Entries provided:
::::::::::

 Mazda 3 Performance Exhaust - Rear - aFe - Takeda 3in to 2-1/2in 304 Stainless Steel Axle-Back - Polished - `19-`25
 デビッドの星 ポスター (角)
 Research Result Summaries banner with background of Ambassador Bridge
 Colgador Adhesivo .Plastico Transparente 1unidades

::::::::::

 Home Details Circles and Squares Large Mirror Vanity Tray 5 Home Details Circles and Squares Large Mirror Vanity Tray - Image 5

::::::::::

Exercise prompt:
Begin with the line above that has "Research Result Summaries" and continue through the line that has "Colgador Adhesivo .Plastico", setting each one down exactly. Stop there.

Answer for this exercise:
 Research Result Summaries banner with background of Ambassador Bridge
 Colgador Adhesivo .Plastico Transparente 1unidades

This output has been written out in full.